*** EXERCISE DATA Section Begins ***

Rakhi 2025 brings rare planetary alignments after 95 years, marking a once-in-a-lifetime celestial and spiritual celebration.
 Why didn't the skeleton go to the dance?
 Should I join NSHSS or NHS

*** EXERCISE DATA Section Ends ***

PROBLEM DESCRIPTION :: Each line above should be copied exactly, with no line missing.

ANSWER BOX ::
Rakhi 2025 brings rare planetary alignments after 95 years, marking a once-in-a-lifetime celestial and spiritual celebration.
 Why didn't the skeleton go to the dance?
 Should I join NSHSS or NHS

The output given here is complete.